I was 12 years old when I put myself into the Shubenacadie Residential School. It was that determination to learn – to learn to cook, to sew and all these things.

When I arrived there, I admired the place. It was so beautiful – the shining floors, the pictures on the walls, the beautiful building. The priest at the time when I was there, we became good friends because he was also from where I just came from – Cumberland County. He would never remember my name, Rita, but he would call me Cumberland County. He was a nice gentle old man, he was so kind.

I had some bad experiences in school but the way I look at life, I forget about the bad things that happened and I look for the good. I always look for the good. I consider it being Christian to be forgiving, not to carry injustices on your shoulder all your life.

I read a book written by an anthropologist about a writer who lived 300 years ago and he wrote this: they have no religion; they have no art. He was observing Native people, and I just threw this book down. The gall of this person to say that we had no religion. We had a beautiful spiritual part of our lives that they did not know.

Me, I never accepted it. When I was told by the nuns, “your religion is no good,” I always knew in my mind sure, it's good, it might even be better than yours.

There's an oral tradition with my people. We're always talking amongst ourselves. My husband's family was from Newfoundland. At the time when my husband-to-be and I met in Boston, he asked me to marry him the second week after we met. At the time when he proposed to me, he said we're not related, are we? Native people are always concerned about that.

The sweat lodge is a very religious experience. Part of the tradition is traditional food – deer meat, or meat of other animals we have killed – moose and deer and salmon, not something that we've bought from the supermarket. Or something that was donated from the people in the community – eels maybe.

The two sweats that I have taken part in, the first one was here in Eskasoni. Everything that I write about, I try to take part in it. I did not know when I went in there what one experiences. So it was very frightening at times what I experienced. The learning I got from the sweat lodge did not come from the live people who were in there with me – there were 13 of us – the teaching I gained from that sweat lodge came from the spirits that were there.

It's very hot, even hotter than a sauna. The medicine woman who was sitting next to me kept touching me and saying are you alright Rita, do you want to leave? I said no, I wanted to stay, and I stayed for two hours and 40 minutes.
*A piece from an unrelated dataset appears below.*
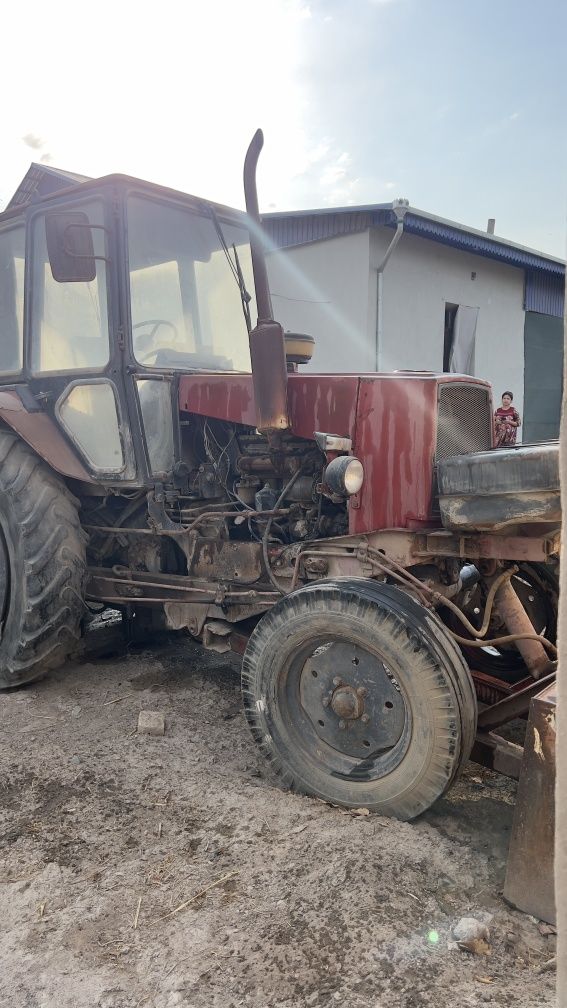 Tractor sotiladi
I stayed in one in Restigouche for five hours. They were all women there. The all-woman sweats are more powerful than the men's. Women have more spiritual power than men. Men have spiritual power too but women have more. Everybody knows that – even the men recognize that.
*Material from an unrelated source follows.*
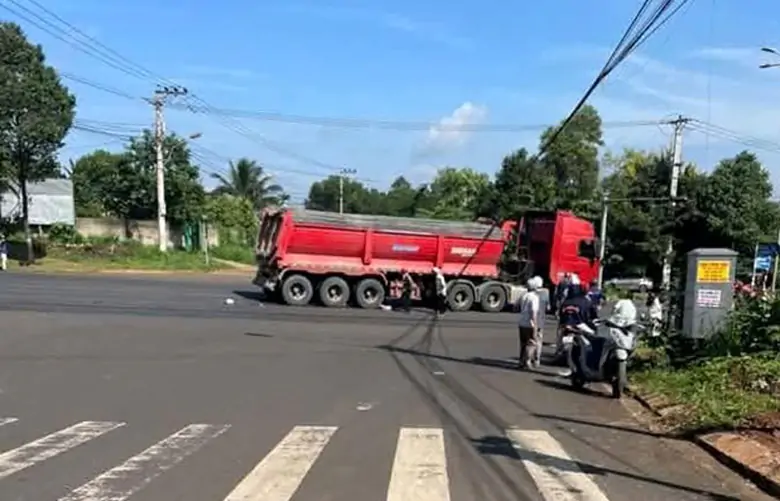Tin tức tai nạn giao th&ocirc;ng mới nhất h&ocirc;m nay 4/8/2026 - Ảnh 2.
One time, when I was in Vancouver, I took the baskets that I make with me. Some of them are made from sweet grass. They scolded me for them. You're not supposed to use sweet grass in basket-making, they said. It's a sacred grass and it's supposed to be used only for sacred purposes. The way I explained it was when I make my baskets, I make them for people to enjoy the basket. Because whoever purchases the basket, they do it because they love the little basket and when they're sweet grass, people want them, right away. So I was explaining to the Natives up there, when I use sweet grass in my baskets, it makes people feel good and I don't think our Creator is going to get angry with us for making other people feel good.

Sometimes, I weave sweet grass into braids and I tie them on each end and when I'm doing it, I'm thinking about love.